Bukele departs from the Shock Doctrine in two important ways: instead of making social cuts, he has used state funds to gain power and popularity. During the pandemic, he spent on aid and food boxes that were distributed house to house and were presented as a personal gift from the president rather than a necessary action of the state. “During the pandemic, he also distributed computers and tablets to boys and girls. But that didn’t solve the problem of connectivity and the gap in internet access. As a result, there were people in conditions of extreme poverty who had no electricity but did have a tablet. Bukele spends arbitrarily and without oversight, but I believe his motivation for spending is simply populist,” explains Mariana, a Salvadoran feminist economist, who prefers to withhold her real name due to the current repressive context. If there are public spending cuts in El Salvador today, it’s not due to a political and economic strategy; it’s simply because the money has run out.

El Salvador, Mariana explains, is a tiny country with a small, powerful elite that preceded Bukele. It is made up of the “Fourteen Families,” the fourteen surnames or clans that have accumulated wealth, first through coffee production and export, and later in other sectors such as construction, manufacturing, the financial sector, and imports, in addition to having investments throughout Latin America. In this context, Bukele is part of the new rich, often called “the Arabs,” and this point is important because one of his clear motivations is social climbing. For this reason, in opposition to what the Shock Doctrine dictates, Bukele has expanded the State, which is what allows him to measure power against these elites.

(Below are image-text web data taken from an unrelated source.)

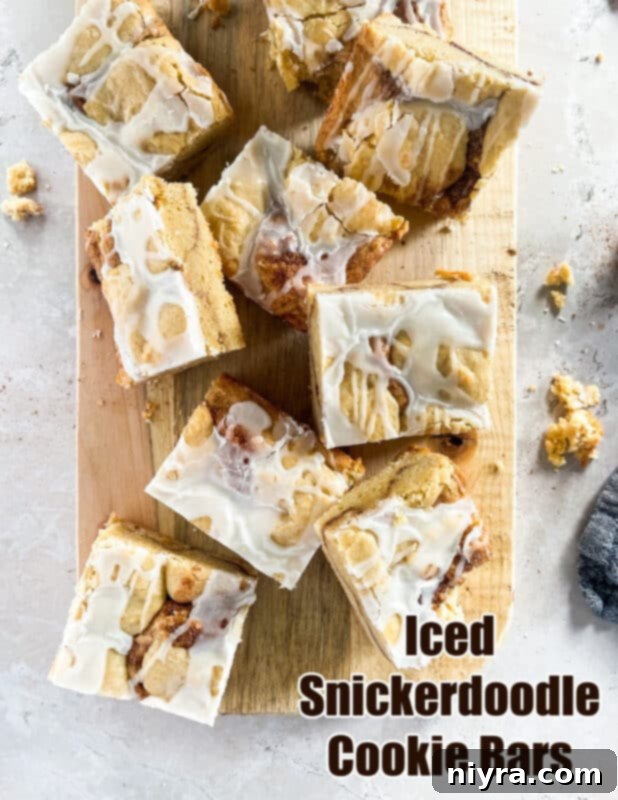 A stunning hero shot of a full pan of glazed Iced Snickerdoodle Cookie Bars, freshly baked and ready to be cut.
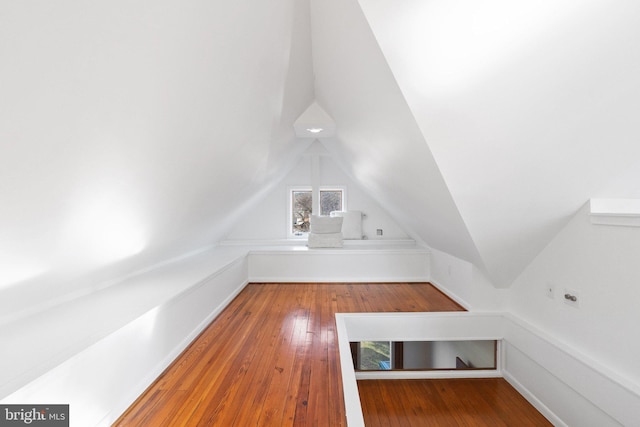 bonus room featuring vaulted ceiling and hardwood / wood-style floors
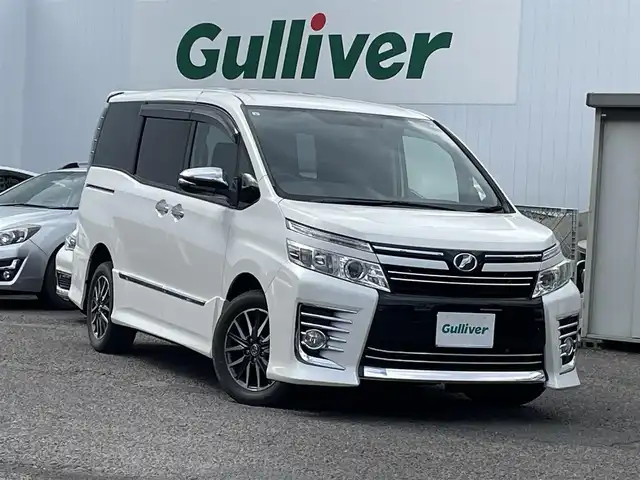 トヨタ ヴォクシー ZS 煌 福島県 2015(平27)年 10.9万km ホワイトパールクリスタルシャイン ４ＷＤ/純正ナビ/・ＣＤ/・ＤＶＤ/・フルセグＴＶ/・Ｂｌｕｅｔｏｏｔｈ/バックカメラ/フリップダウンモニター/両側パワースライドドア/ビルトインＥＴＣ/アイドリングストップ/ドアバイザー/プッシュスタート（スペアキー有）
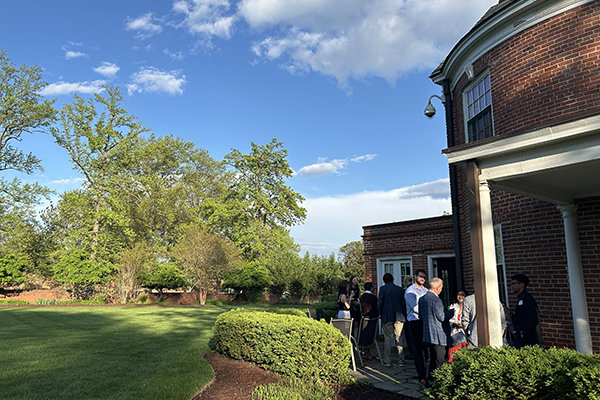 Loyola President Terry Sawyer mingles with students and alumni on the patio outside of Alumni House
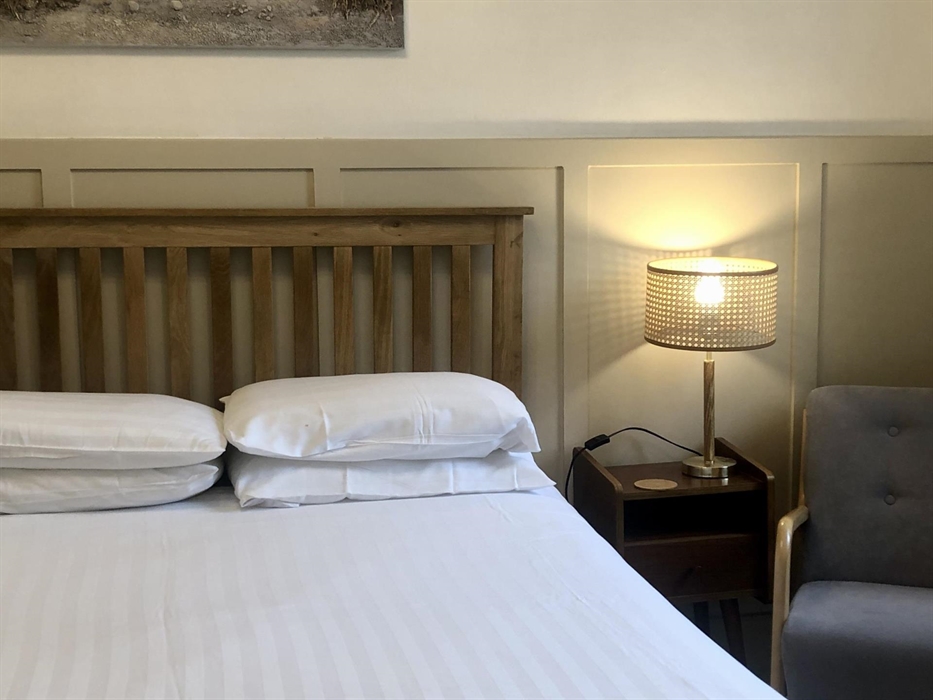 This room is situated on the first floor and has a large shower room.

As a result, Bukele has centralized economic power in the State, through subsidies on products and services like fuel, attempting (unsuccessfully) to curb inflation and generating a dependency on the State and an expansion of the bureaucratic apparatus to manage them. Bukele has also announced mega-infrastructure projects that concentrate investment capacity and decision-making power in the State, as well as deregulation measures for the exploitation of natural resources and foreign capital investment. This last strategy has been difficult to realize because, as Mariana explains, “El Salvador is a small country with few resources and an impoverished population.” Bukele, for example, has inflated the country’s gold reserves by claiming that “studies carried out in only 4% of the potential area identified 50 million ounces of gold, valued today at $131.565 billion.” He does this to give the appearance of having an innovative plan to attract foreign investment and to justify the deregulation of mining. But these figures are simply impossible. As a report from the Heinrich Böll Stiftung points out, “These 50 million ounces are equivalent to 1,555 tons of gold, which would represent approximately 2.64% of the world’s known gold reserves. If we do a comparative exercise, 4% of El Salvador’s area (841.64 km²) would contain more gold than all of Mexico, an area that is 2,333.5 times larger and is estimated to have reserves close to 1,400 tons.”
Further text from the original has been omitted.